Le patronat refuse de négocier un ANI et une définition nationale de l’encadrement

PARIS, 3 juin 2019 – Lors de la réunion du 29 mai, la délégation patronale a révélé qu’elle ne disposait d’aucun mandat pour négocier un accord national interprofessionnel (ANI) sur l’encadrement, ainsi que pour discuter d’une définition des cadres.

« Notre mission n’est pas de travailler dans le sens d’un ANI. Ce n’est pas non plus de travailler sur une définition », a déclaré Patrick Cheppe, chef de file patronal (Medef), au sortir de la séance de négociation sur l’encadrement du 29 mai 2019. Les travaux sur une telle définition semblaient pourtant bien engagés lors de la précédente séance du 29 mars. Une volte-face vivement dénoncée par les délégations syndicales. Malgré tout, « on continue à travailler sur le contenu », car c’est ce qui démontrera l’utilité d’un ANI, estime Marylise Léon (CFDT). Trois séances de travail ont ainsi été programmées en juin, en vue de la prochaine séance de négociation du 2 juillet.

Exit la définition nationale interprofessionnelle des cadres ?

Pour le patronat, l’accord Agirc-Arrco de 2017 suffit à définir les cadres bénéficiant du régime de prévoyance spécifique, puisqu’il reprend les anciens articles 4 et 4 bis de l’accord Agirc de 1947. De plus, les organisations patronales des branches ne voudraient pas de redéfinition de l’encadrement risquant de « percuter » leurs classifications, alors même que certaines travaillent à la refonte de ces dernières. C’est ce qui justifie l’absence de mandat patronal pour négocier un ANI et une définition de l’encadrement.

Alors que de l’autre côté de la table de négociation, les syndicats étaient venus avec une proposition de définition commune. « La commission de l’Apec a absolument besoin de la conclusion de la négociation » pour exercer « un mandat important : appeler des cotisations et valider le bénéfice ou non de la prévoyance » spécifique des cadres, a averti Philippe Masson (CGT). Le patronat a soulevé un autre débat : celui du caractère impératif ou supplétif de l’accord Agirc-Arrco de 2017, alors même que les ordonnances Macron du 22 septembre 2017 ont révisé l’articulation des normes. Pour une partie du patronat, la cotisation patronale consacrée à la prévoyance spécifique des cadres (1,5 %) pourrait ainsi être modulée par accord de branche ou d’entreprise.

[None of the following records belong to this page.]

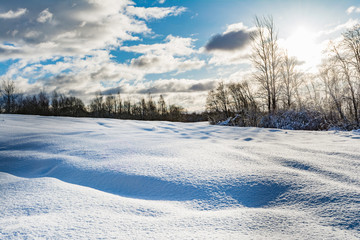 snowy field and forest during the sunset of the bright sun, blue sky with clouds, winter landscape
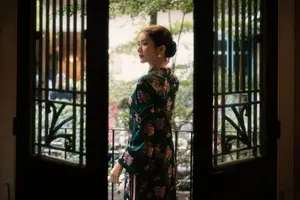 Elegant Asian Beauty: Serene Woman in Modernized Traditional Dress with Vintage Floral Vase-4
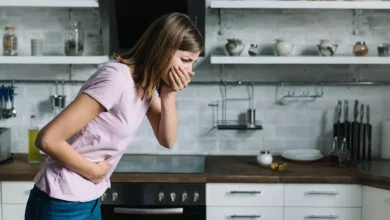 Sick Woman Suffering From Nausea Standing Kitchen.jpg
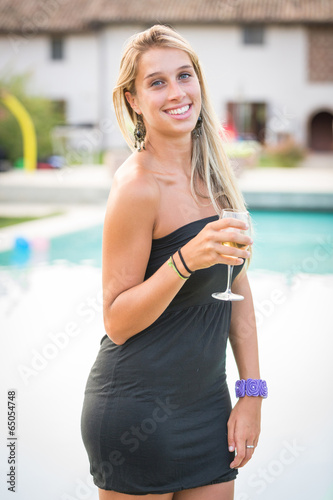 Beautiful Young Woman Drinking next to Swimming Pool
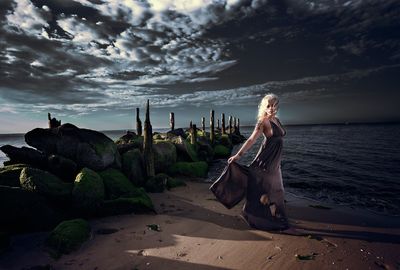 Full length of model standing on shore at beach against sky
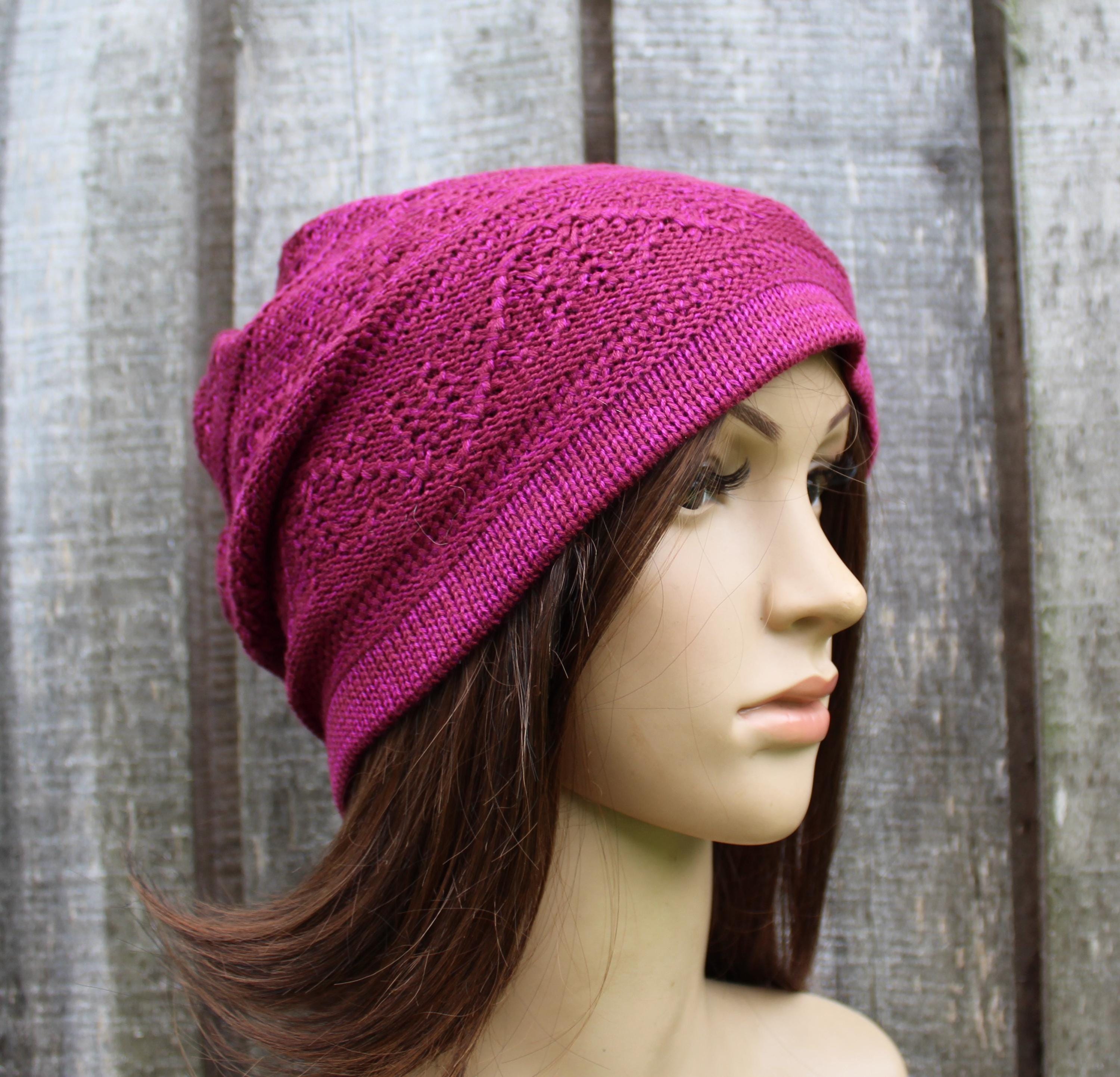 Mannequin head wearing a bright pink knitted beanie against a wooden background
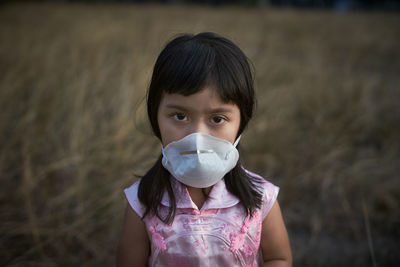 Portrait of girl wearing face mask standing outdoors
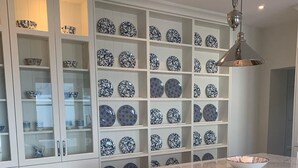 A kitchen with white cabinetry, a marble countertop, and a display of blue and white patterned plates. - In Town Beautiful Trim Castle Cottage   (Trim)
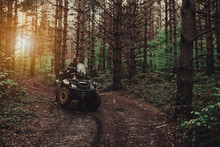 A Young Man In A White Helmet Rides Through The Woods On A Quad Bike. Extreme Hobby. A Trip To ATV On The Road From Logs. Quad Biking Through The Forest.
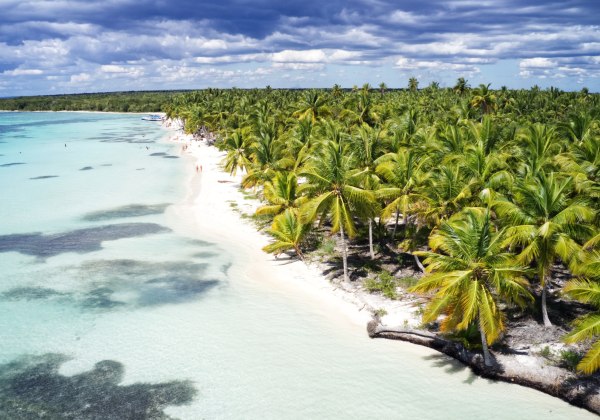 Langer weißer Sandstrand mit seichtem, türkisfarbenem Wasser. Dichter Palmenwald erstreckt sich entlang der Küste, einzelne Menschen spazieren am Strand. Im Hintergrund dramatischer Himmel mit dunklen Wolken über dem hellen Meer.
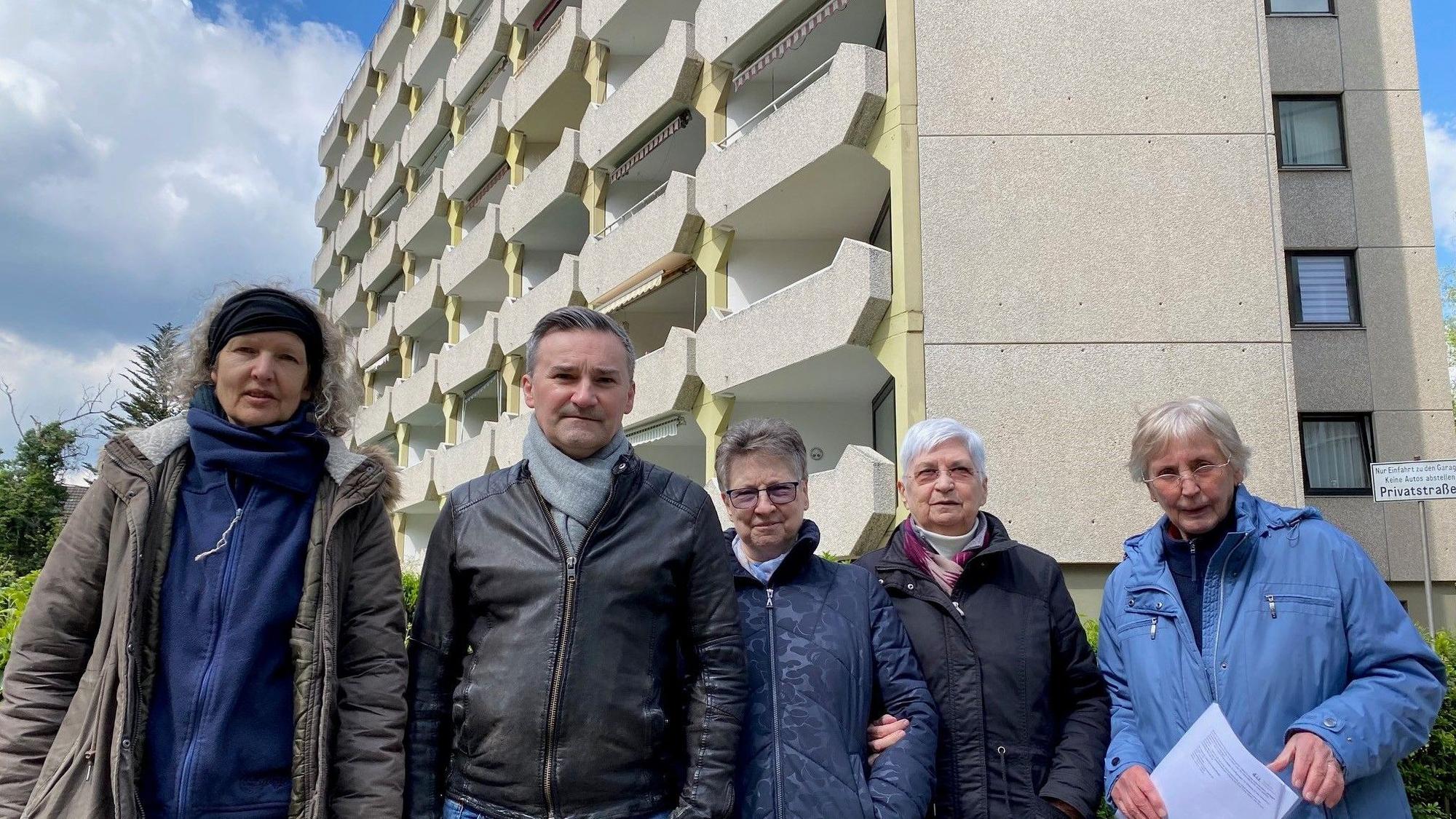 Zu sehen ist eine Gruppe von Menschen vor einem mehrgeschossigen Gebäude.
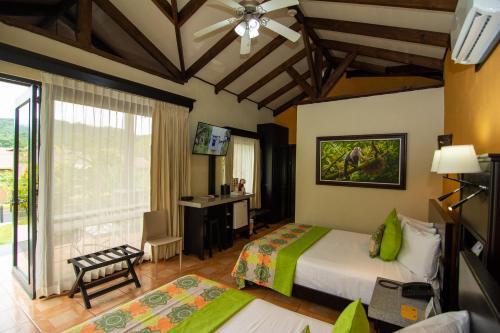 a bedroom with two beds and a desk and a window at Hotel Arenal Springs Resort & Spa in Fortuna
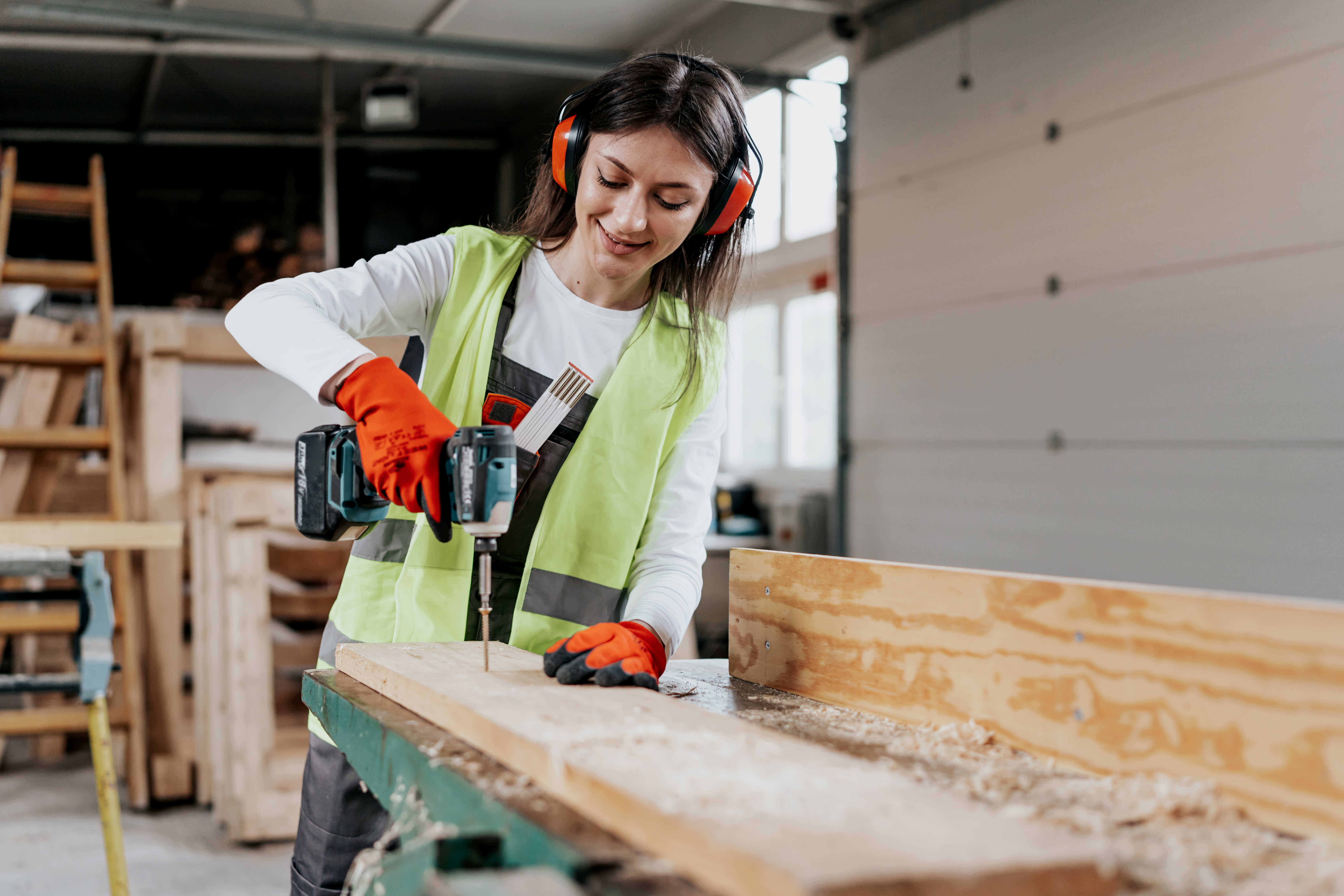 Female drilling into ply wood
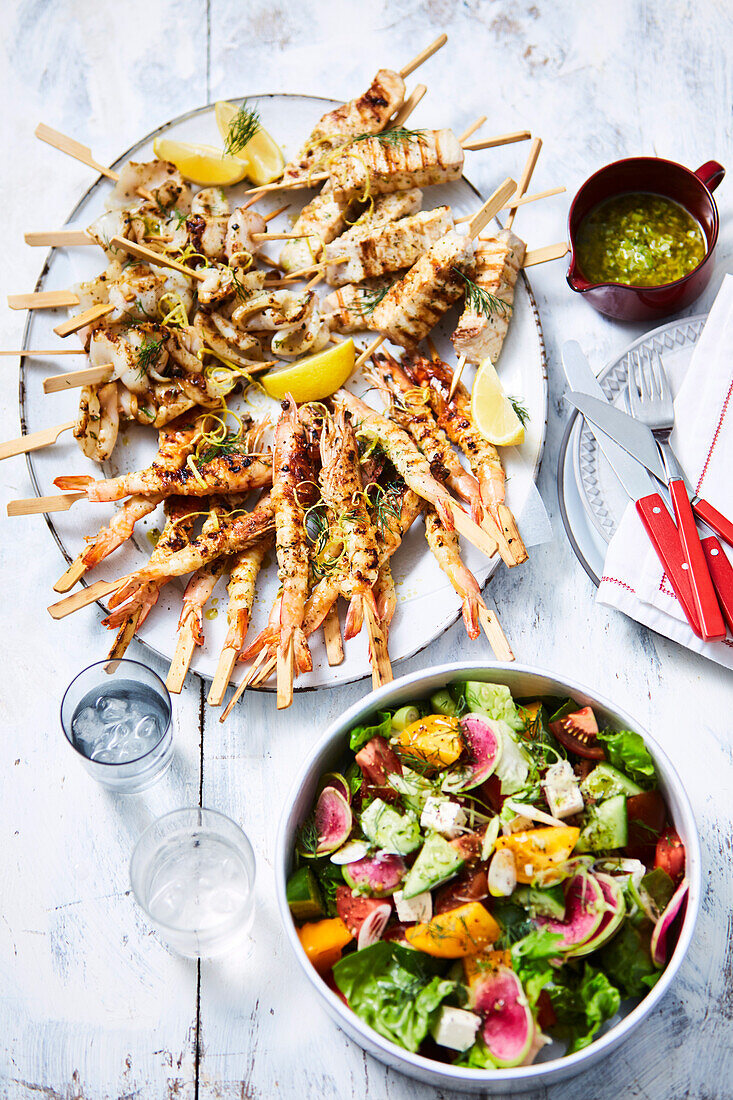 Lemon and dill seafood skewers with salad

Les délégations syndicales rejettent cette analyse. Pour elles, la cotisation de 1,5 % s’impose à tous. Ce serait également la position de la DGT (Direction générale du travail) et de la DSS (Direction de la sécurité sociale), s’accorde à dire l’ensemble des négociateurs. « On est très déçus de l’attitude du Medef consistant à invoquer des arguties faussement juridiques pour cacher une volonté politique qu’on n’a pas de mal à décoder : ne pas avancer sur cette négociation », a déploré Gérard Mardiné (CFE-CGC). Mais dans l’attente d’une position définitive de l’exécutif et/ou du juge, « ça ne peut pas être notre sujet du jour », a tranché Élisabeth Tomé (Medef).

Trois groupes de travail sur les enjeux de l’encadrement

Malgré ces divergences profondes, patronat et syndicats ont tout de même convenu de programmer trois réunions de travail sur divers aspects de l’encadrement : une sur les enjeux sociétaux le 6 juin : évolution professionnelle, égalité femmes/hommes, formation et actualisation des connaissances, impact du numérique, qualité de vie au travail, etc. ; une sur les enjeux socio-économiques le 14 juin : rôle du cadre, mobilité, employabilité des seniors, etc. ; une sur les enjeux managériaux le 26 juin : place du cadre, éthique, évolution du lien de subordination, délégation de pouvoirs, reconnaissance, motivation et engagement.

« Il ne s’agit pas d’examiner des problématiques de niche mais de bien voir comment se posent les sujets à l’encadrement, compte tenu de leur place et rôle bien particulier dans le processus de travail », a précisé Sylvie Durand (CGT). Une restitution de ces travaux sera réalisée le 2 juillet, lors de la prochaine séance de négociation. Pour Patrick Cheppe (Medef), c’est cette restitution qui conduira à décider de la forme à donner à l’issue des discussions.